O trânsito cada dia mais frequente do Supremo Tribunal Federal (STF) por pautas que, em essência, seriam do Poder Legislativo e o chamado presidencialismo de coalizão, que estreita os laços entre o Parlamento e o Executivo, têm sido motivo de controvérsia nos bastidores da política brasileira. Se, na teoria, aprendemos que os Três Poderes são independentes, na prática, observamos que a realidade é bem diferente.
“A tripartição de Poderes, segundo a qual o Executivo administra, o Legislativo legisla e o Judiciário julga, hoje é só uma lenda”, dispara o jurista José Paulo Cavalcanti.
Em maio deste ano, por 7 votos a 4, o STF restringiu o alcance do foro privilegiado de deputados e senadores. Com a decisão, a prerrogativa de foro só deve ser aplicada se o parlamentar cometer crimes no exercício do cargo e se estes estiverem relacionados às respectivas funções. Por haver diversas Propostas de Emenda à Constituição (PECs) relacionadas ao tema – travadas tanto na Câmara quanto no Senado por conta da intervenção federal no Rio de Janeiro, que impede a tramitação deste tipo de proposição no Congresso –, a Corte foi questionada se seria sua competência decidir sobre esse assunto. E não é a primeira vez que isso ocorre.
“A função do Judiciário não é de retirar direitos, mas de garantir direitos, então na hora em que o Supremo toma decisões como, por exemplo, a união civil das pessoas do mesmo sexo, aí ele não está extrapolando (sua competência), ele está garantindo direitos em razão de uma inércia do Legislativo. Mas na hora em que o Judiciário atua num processo de desconstrução de direitos já garantidos pela Constituição, como o princípio da presunção da inocência, a meu ver, ele está em um processo que eu chamo de ‘desconstituinte’”, afirma o advogado e professor da Universidade Católica de Pernambuco (Unicap) Marcelo Labanca.
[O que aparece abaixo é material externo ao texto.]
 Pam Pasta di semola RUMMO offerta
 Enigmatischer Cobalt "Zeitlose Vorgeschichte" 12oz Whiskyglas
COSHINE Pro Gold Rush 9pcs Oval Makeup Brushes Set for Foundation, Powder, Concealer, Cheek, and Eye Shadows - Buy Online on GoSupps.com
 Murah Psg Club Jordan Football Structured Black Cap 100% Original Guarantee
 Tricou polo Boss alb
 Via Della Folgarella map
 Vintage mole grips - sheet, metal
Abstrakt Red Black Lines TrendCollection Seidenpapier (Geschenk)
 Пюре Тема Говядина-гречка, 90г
Ainda de acordo com o docente, há diversas razões que podem justificar a mudança de postura da Corte nos últimos anos, mas ele ressalta que a desconfiança geral da população em relação à classe política pode ter encorajado os ministros do STF a abraçarem temas que antes não recebiam essa atenção da Suprema Corte do País.
“Um vácuo de poder se criou em relação ao Legislativo devido à desconfiança geral da sociedade em relação à atuação do parlamentar. Então é como se o Judiciário estivesse tomando mais a frente nesse processo e, a partir daí, começasse a ditar as suas próprias regras, que não são as regras da Constituição”, conclui Labanca.
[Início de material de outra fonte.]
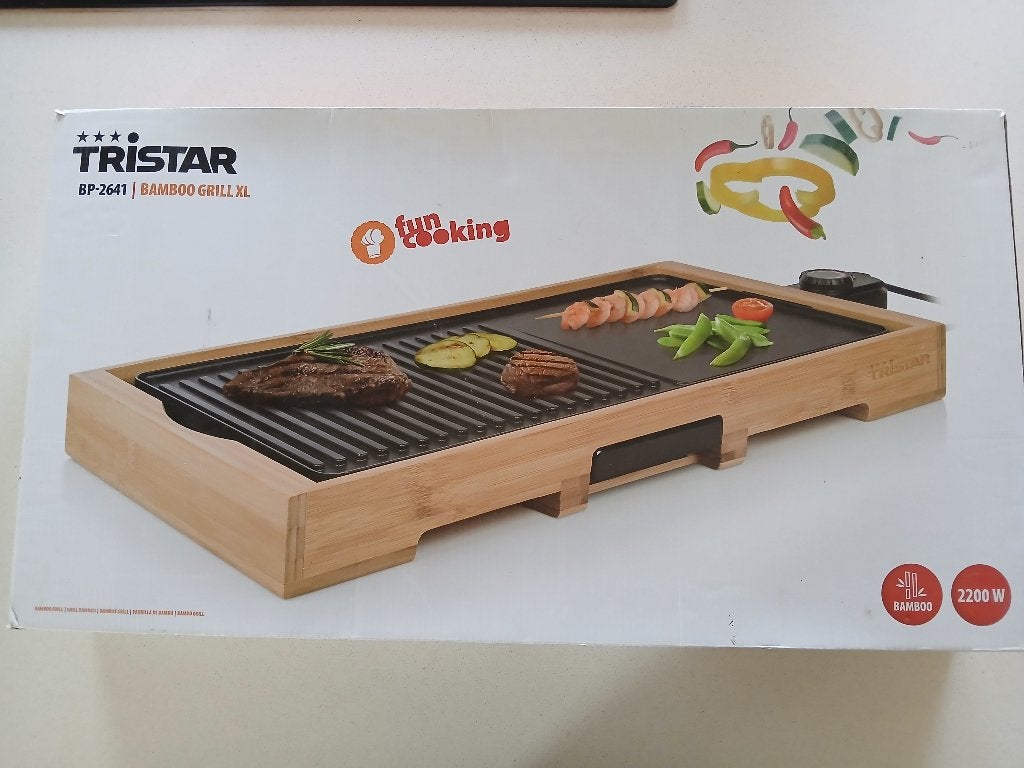 Plancha de table TRISTAR BP2641 - Quasi nouveau, Jardin & Terrasse, Enlèvement, Comme neuf, Tristar
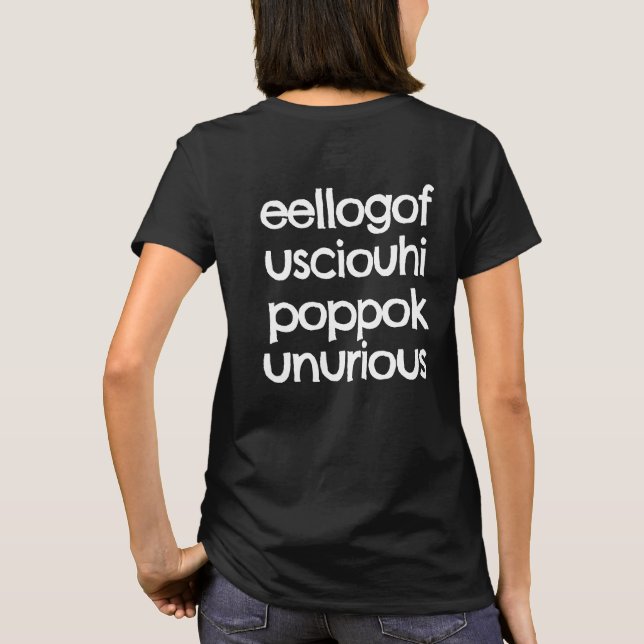 Camiseta Palabra rara divertida eellogofusciouhipopokunuria (Reverso)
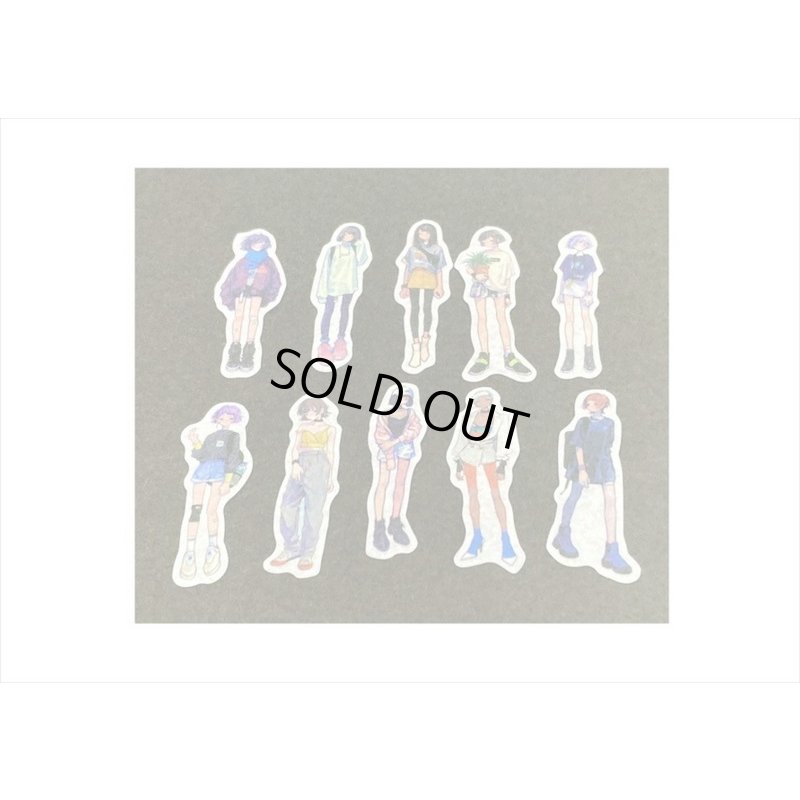 画像6: 40枚＊ボーイッシュ＊和紙シール＊ダイカット＊海外製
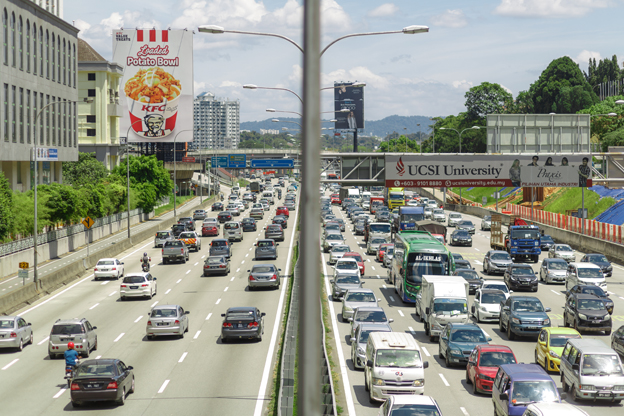 Kuala Lumpur, Malaysia - 13th February, 2018:  train arrive in L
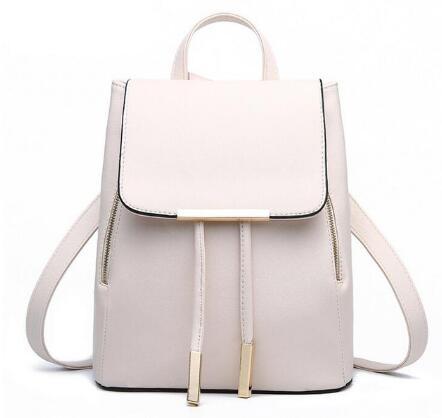 Stylish PU Leather Backpack for Teen Girls - Durable & Fashionable School Bag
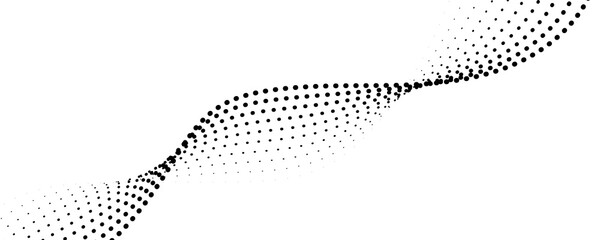 abstract wavy background. dotted wave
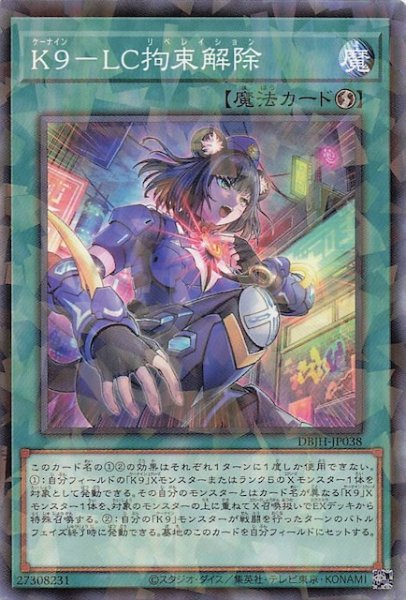画像1: 【ノーマルパラレル仕様】Ｋ９－ＬＣ拘束解除　DBJH-JP038 (1)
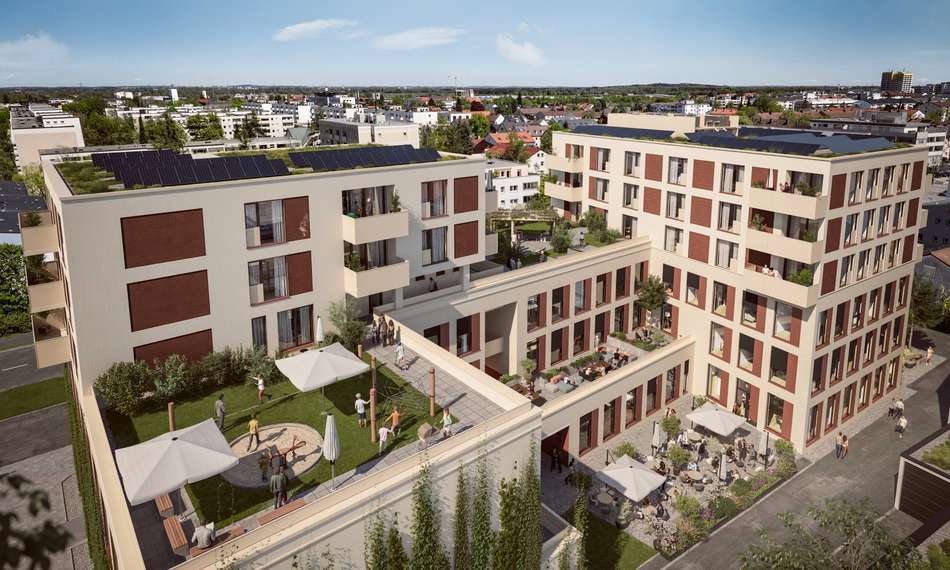 Sonnenverwöhnte Dachterrassen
O modo como o Executivo negocia acordos com o Legislativo em prol do encaminhamento ou aprovação de proposições e processos de seu interesse também tem sido amplamente discutido no meio político. Um exemplo recente foi a mobilização empregada pelo presidente Michel Temer (MDB), em 2017, para barrar duas denúncias da Procuradoria-Geral da República (PGR), em relação ao caso J&F, na Câmara dos Deputados. Bilhões em emendas parlamentares foram distribuídos e ambas as denúncias não foram aceitas pelos parlamentares.
“Nós temos hoje um parlamento muito fortalecido por partidos políticos que não têm nenhuma identidade que não seja os seus próprios interesses e condiciona enormemente a agenda do Poder Executivo. Basta ver que as principais agendas do Poder Executivo, nesse último ano e meio, foram, literalmente, postergadas, vetadas pelo Congresso ou o presidente Temer teve que retirar da pauta”, analisa o cientista político Eduardo Grin.